E il giorno che ti sei fatta seminare

quell'uomo aspro

quell'uomo contadino

ne ha strappato una vita.

 

Donna mia oramai hai abbandonato

le lunghe trecce di capelli

tenute ferme da forcine

e non cullerai tuo figlio nella sporta

appesa per le corde alle travi della casa

e non sgranerai le pannocchie

seduta al focolare nelle sere d'inverno.

(da: Solamente questo paese)

 

Questa è una misura della sua originalità. Per le peculiarità della sua tecnica il poeta fa appello a quello che possiamo ritenere lo spirito del linguaggio: le sue innovazioni accentuano e sviluppano propensioni che sono proprie dell'uso vivente, ma con un magistero nuovo. Totaro-Ziella ci permette di conoscere tutte le sue idiosincrasie tecniche in poesie come Via Madonna di Viggiano, in cui l'idea che ne è alla base non può considerarsi del tutto nuova, ma nessuno l'aveva deliberatamente adoperata in questo senso, trasformandola in qualcosa di profondamente innovativo:

 

Via Madonna di Viggiano

 

Forse mi chiami irripetibilmente

nella tua desolazione instancabile

e forse le ombre ti assalgono

nel  momento del nostro colloquio

quando mi muori nel vento

insensibile al tuo conservarti.

Non ti stanchi mai vecchia via

di odiarmi e di amarmi

nei tuoi soliloqui eterni

e già impassibile mi diventi serale.

Via Madonna di Viggiano

tu non mi accarezzi più il cuore

nel dondolarti alla mia memoria

che sempre ti è stata fedele.

Questo sonno berbero che non ti muta

già lo percepimmo l'altra sera

nel caldo vento dell'Africa

e nelle gemme degli alberi in fiore.

(da: Solamente questo paese)

 

Paradossalmente si potrebbe affermare che il suo intento consista nel portare la poesia quanto più possibile vicino al parlato. Le abitudini e le convenzioni ch'egli respinge erano in realtà tanto forti da rendere difficile il poterne valutare appieno la sua rigenerazione ed apprezzarne totalmente il significato.
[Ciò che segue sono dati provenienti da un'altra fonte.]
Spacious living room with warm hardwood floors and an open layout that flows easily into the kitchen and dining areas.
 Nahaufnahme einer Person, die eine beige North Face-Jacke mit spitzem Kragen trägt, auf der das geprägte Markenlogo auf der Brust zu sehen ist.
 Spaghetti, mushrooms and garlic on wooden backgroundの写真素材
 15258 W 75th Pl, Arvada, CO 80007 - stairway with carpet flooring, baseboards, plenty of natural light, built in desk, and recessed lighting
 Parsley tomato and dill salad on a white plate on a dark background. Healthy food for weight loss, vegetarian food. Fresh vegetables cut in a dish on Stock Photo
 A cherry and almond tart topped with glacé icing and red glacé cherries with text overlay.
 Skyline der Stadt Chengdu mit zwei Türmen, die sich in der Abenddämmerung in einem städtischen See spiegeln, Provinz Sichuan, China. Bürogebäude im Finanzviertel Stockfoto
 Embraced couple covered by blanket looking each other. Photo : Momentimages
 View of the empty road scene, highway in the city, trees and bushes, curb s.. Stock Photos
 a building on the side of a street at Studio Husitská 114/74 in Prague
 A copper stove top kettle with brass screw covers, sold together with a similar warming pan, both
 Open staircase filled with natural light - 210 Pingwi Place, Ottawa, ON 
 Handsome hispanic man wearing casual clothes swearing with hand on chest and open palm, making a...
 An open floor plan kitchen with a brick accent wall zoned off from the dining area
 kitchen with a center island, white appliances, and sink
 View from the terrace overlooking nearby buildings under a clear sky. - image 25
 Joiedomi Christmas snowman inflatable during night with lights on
Ha vena sovrabbondante, senza parere, che lo porta a tingere d'uno stesso colore le cose, la vita sua e quel mondo che gli sta intorno. La memoria fedele gli restituisce ricordi, e lui li cala nella fresca corrente dei suoi versi, rifacendoli nuovi. E non sono poche le composizioni che fermano l'attenzione del lettore, con rapporti giustamente travati tra sentimento e cosa espressa, naturali rapporti, quasi facili.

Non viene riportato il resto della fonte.